May. 30th, 2013

I'm a computer scientist currently living in Massachusetts. I was always too busy being a graduate student at the University of Wisconsin-Madison and being a professor subsequently to contribute much more to the open-source community than a few bug reports and some money but that has all changed.

Last Monday I was notified that I had been accepted as an Outreach Program for Women Summer Intern for the Yocto project. I'm thrilled for a number of reasons:


  • I've benefited from open source for a long time, using many open-source applications and working for a research project that used open-source applications written in C as objects for study, but beyond the odd bug report and some money I've not really contributed.
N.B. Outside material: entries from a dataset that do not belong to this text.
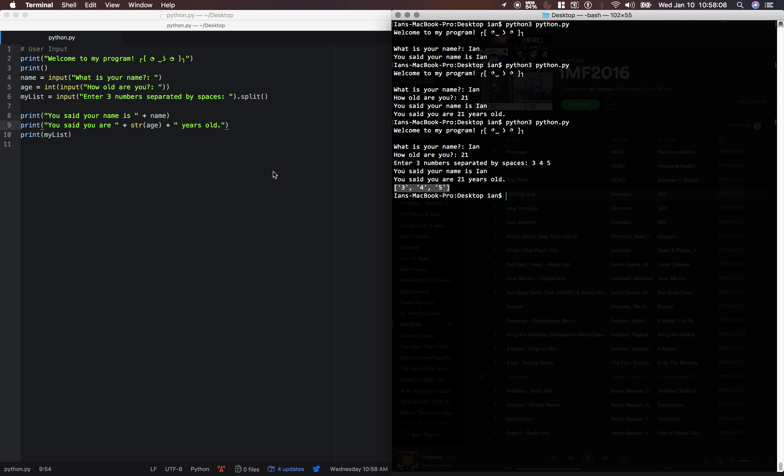And that does it for the input. Next, we're going to talk about tabs, new line characters, and escape sequences. Alright, let's go.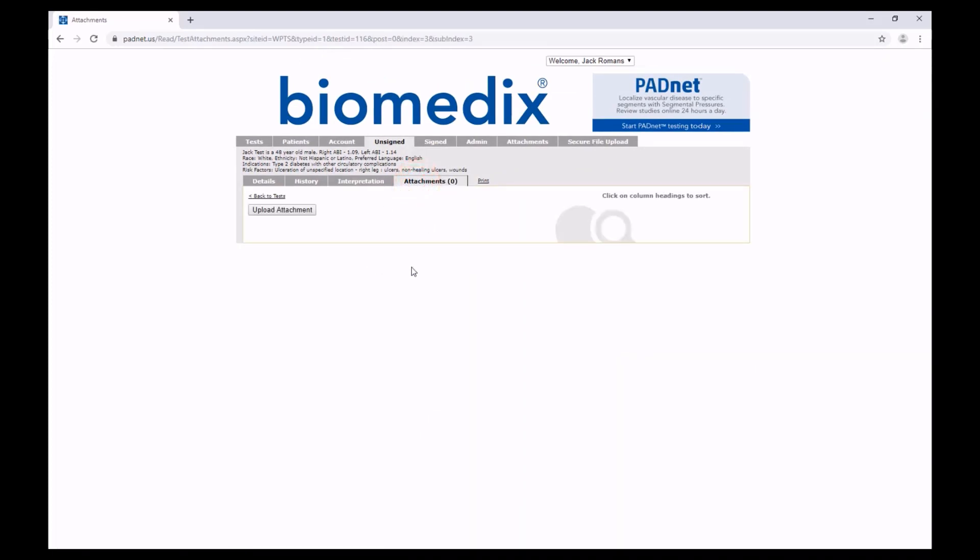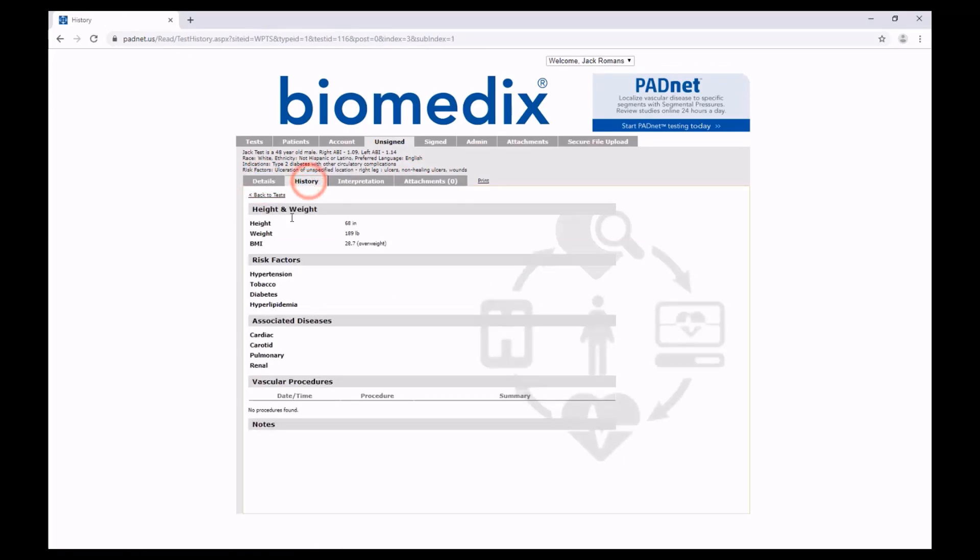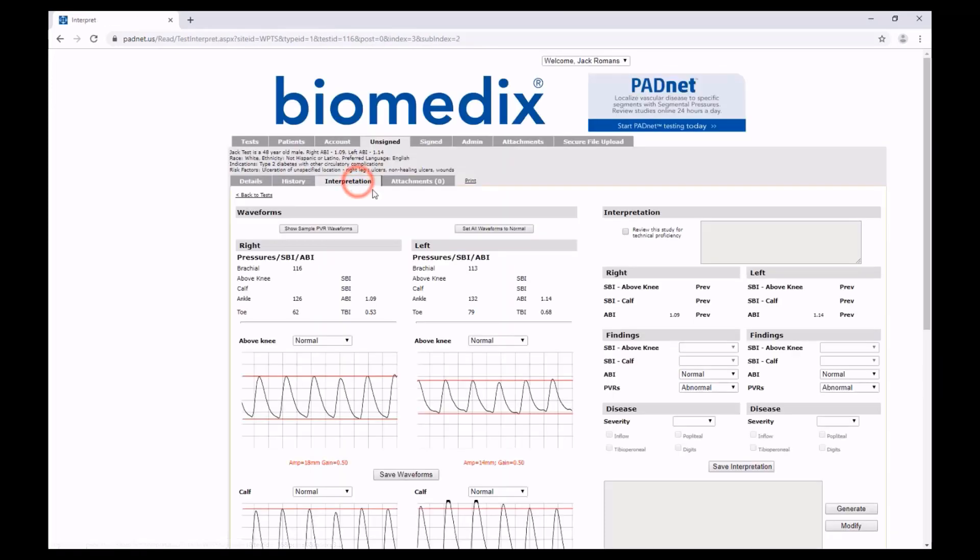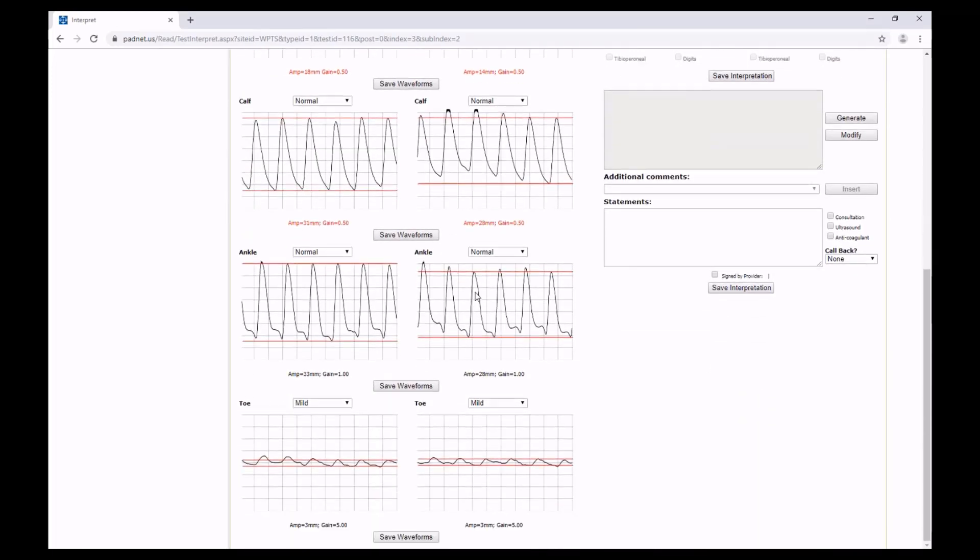Again, you can look at any attachments and upload any attachments if you'd like, and at any point you can look at the details of the patient, the history of the patient, or return to your interpretation.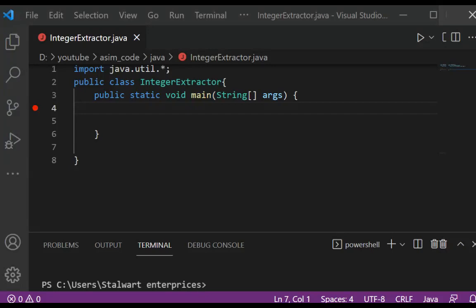In this video, we will learn how to extract integers from a given string containing whitespaces and a-to-z and 0-to-9 characters in Java.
This is my chance to give back a little bit more.

  • I'm fascinated by the impact of the open-source community and want to understand its mechanisms better.

  • I believe that I may, sometime, develop some wonderful idea that is best achieved via an open-source collaboration; I'ld like to know how to make that work when the time comes.

  • I've spent a long time in academia and this is a great way to move into industry.

  • One of the things that I really like about academia is the opportunity to teach, which is what I've been doing the last few years. Grading is not nearly as much fun. If you associate with open-source you can mentor (teach) people and not have to grade them. Can it be the best of teaching without the rest of it? We shall see!



About the Yocto project:


  • The build system, bitbake, is in Python and Python is my go-to language for practical tasks. I'm very comfortable with it and am eternally grateful to Guido van Rossum for the clever way he's made my life that much more pleasant.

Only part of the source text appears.